Long-Term Safety and Efficacy of Anti-TNF Agents in Patients with HIV Infection

A longitudinal case series of patients who are human immunodeficiency virus (HIV)-positive reported favorable safety outcomes of long-term use of anti-tumor necrosis factor (TNI) agents. These data were presented at the American College of Rheumatology (ACR) Convergence 2021.

In a previous case series, the research team reported five-year outcomes of anti-TNF use in eight HIV-positive patients. For this study, the team extended their analysis to include a total of 18 patients with HIV treated anti-TNF agents between 2003 and 2021. Most patients were treated at the Harris County HIV Outpatient Clinic in Texas. Patient data collected at baseline included sociodemographic characteristics, CD4 counts, HIV viral load, and medications used.

For patients with rheumatoid arthritis (RA) or spondyloarthritis (SpA), initial treatment was non-steroidal anti-inflammatory drugs (NSAIDs), non-biologic disease modifying antirheumatic drugs (DMARDS), primarily methotrexate or sulfasalazine, and intra-articular/intralesional corticosteroids. If patients demonstrated persistent disease activity despite conservative therapy and had CD4 counts above 200 cells/μl, and a HIV viral load of less than 60,000 copies/ml (as per guidelines for use of immunosuppressive agents in patients with HIV infection), then these patients were started on anti-TNF agents.

Out of 18 patients at baseline, eight were previously treated with anti-TNF agents between 2003 and 2006 as part of the initial case series (RA, n = 2; peripheral SpA, n = 2), including seven with long-term follow-up data. The remaining nine patients were treated with anti-TNF agents since 2006.

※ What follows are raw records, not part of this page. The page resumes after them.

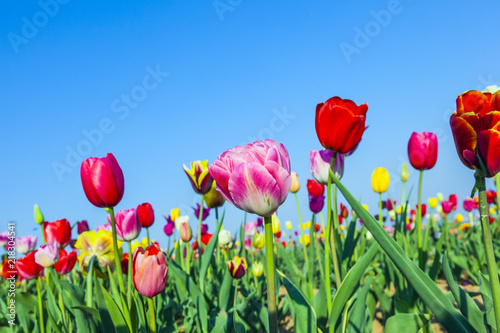 Fototapeta Naklejka Na Ścianę i Meble -  field with blooming colorful tulips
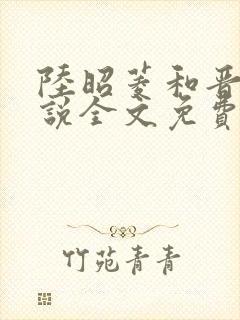 陆昭菱和晋王小说全文免费阅读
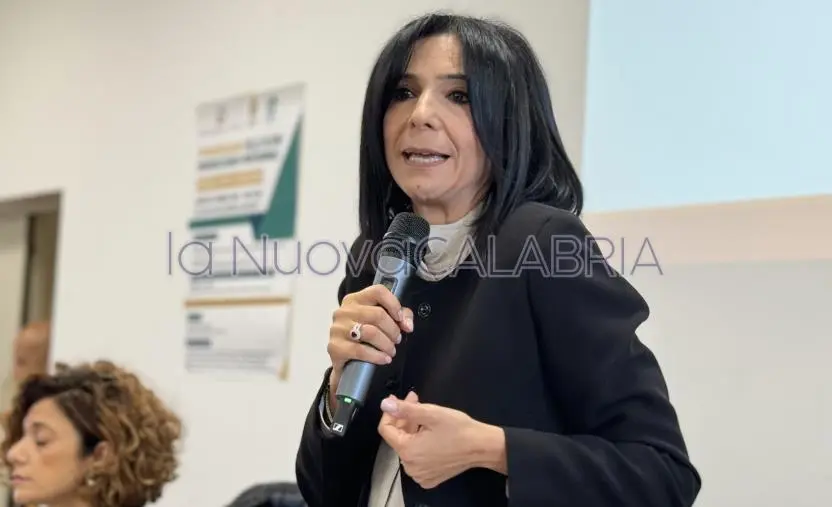 images Aggressioni nelle scuole, la vicepresidente Princi incontrerà il docente di San Sperato Cardeto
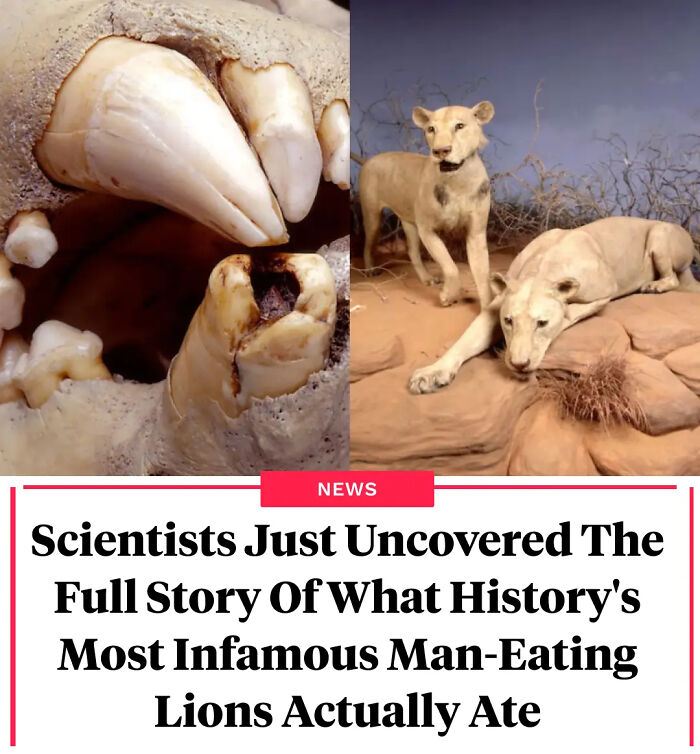 Close-up of ancient lion teeth and two man-eating lions in a desert scene illustrating surprising animal facts.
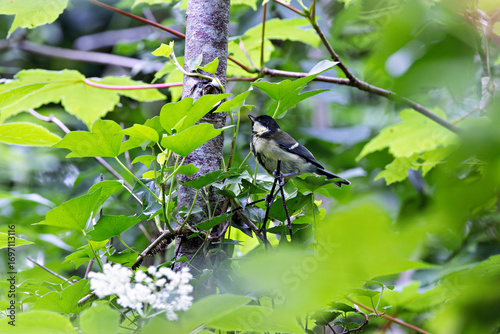 Canvas Print Great Tit (Parus major) commonly found in woodlands and gardens across Europe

Overall, no major infectious episodes occurred that required treatment discontinuation. Thirteen patients are still currently being followed, including four from the initial case series (adalimumab, n = 1; ustekinumab, n = 1; remission, n = 2). Six of the nine patients added to the series after 2006 are still currently receiving anti-TNF agents. Of three patients who discontinued treatment, one discontinuation was due to lack of efficacy, one was due to rising HIV load, and one patient discontinued due to fear of toxicity, though the authors note that no toxicity event was recorded.

In conclusion, the authors wrote, “our data underscore the safety of using anti-TNF agents in patients with HIV infection over long duration, provided standard precautions of using immunosuppressive agents in the setting of HIV infection are followed.”